Monday, March 17, 2014

Experiments with Hardwood Floors

Well, I mentioned that upstairs my floorboards had exhibited a little bit of "shrinkage" - gaps of a sixteenth of an inch have opened up between the boards in numerous places.


It was suggested that it wasn't a case of the boards continuing to dry, but that I hadn't nailed them down tightly enough.

I had never installed a floor before, and didn't see it being that much different from other projects, so I installed the entire upstairs simply with my brad nailer.  Now I understand that there is actually a specific tool for nailing or stapling down a floor.

Don't roll your eyes at me - I just didn't even consider that there was a different option.

I'm not interested in pulling up the whole floor and re-doing it.  Not at this point anyway...  The boards have gaps, but they aren't hideous or anything like that.  They aren't rocking or sliding around.  I'll let it ride and update my readers as to if they need further attention after I finish them.

By the time I was ready to move from the loft to the main floor, I had an offer of a loan of a floor stapler with a large compressor.  I readily accepted, even at the rental cost (one case of beer - and not cheap beer either!)

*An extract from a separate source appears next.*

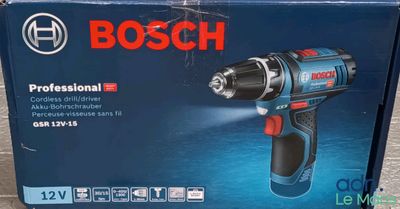 Perceuse visseuse sans fil BOSCH PROFESSIONAL GSR 12V15 h Re…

I headed out to pick it up that night, and of course, got our Toyota Echo stuck in their driveway.  At least they had a huge four wheel drive truck that was able to tow me up the driveway to the road, where I took a long drive in the dark through the back roads of the local townships.

Our lifestyle means that we don't find ourselves out and about after dark very often, so it's different driving when it does happen nowadays.  More often, I find myself in the dark when I'm heading to town in the mornings in the dead of winter, with sunrise still many hours away.

The next day Grandpa and I got ready to put the flooring down in the bathroom.  I plugged the compressor in and - beeeeeeep!  The inverter balked.  Sheesh, the compressor must pull down over 3000 watts of startup power?

I headed outside and started up the generator, then repeated my experiment...



In the bathroom, I abandoned the notion of running hot water from the stove reservoir, so I cut off that poly pipe and installed the hardwood directly over the truncated pipe.





Grooooooaaaaaannnnnnnn!  The generator started to shake violently, but came into a sputtering level that managed to run the compressor until it cut off.  We plodded away like this for the day, finishing the tiny bathroom floor with the stapler, and then doing the pantry.

In the main floor bedroom, we had no such luck on the next day.  I simply could not get the generator to run the compressor.  It stalled every time the motor came on.





We completed the bedroom with a VERY generous helping of my brad nailer again.  I'm just going to have to see how this works out.  The ends of the boards I was able to nail directly through the tops for a pretty firm joint.  Elsewhere, I put in nails every five to six inches at the very most.

I decided that for the main part of the cabin, I wanted to try the nailer again.  So I purchased an inexpensive two gallon compressor from Home Depot at a really sharp price.  I'm sure it is very underpowered for a professional contractor, but I had their assurances that if it didn't drive the stapler, I could return it.

At that price point, I would have accepted it blowing up after I installed the floor and just wrote it off as a consumable.  Anything it does after the floor will just be "gravy".

I haven't begun the main floor yet, I think I will try to focus on finishing the floors I already have done to confirm the concept.


Just to test out the new compressor and floor stapler combination, I did finish off the trap doors in the pantry with the two items.  I believe it was about every five to ten staples that the compressor had to come back on to charge up.  This was reasonable to me.

It is nice that these smaller items run directly off my inverter and battery power.  I have realized that on a sunny day at this time of year, my underwhelming batteries charge up for nighttime very rapidly, and then a huge amount of potential power is wasted if I don't use it.  So during the midmorning, Donna does laundry, we plug in lots of battery powered items to charge up, and just generally use our peak power.

I'll try to update next on how finishing the bathroom and pantry go.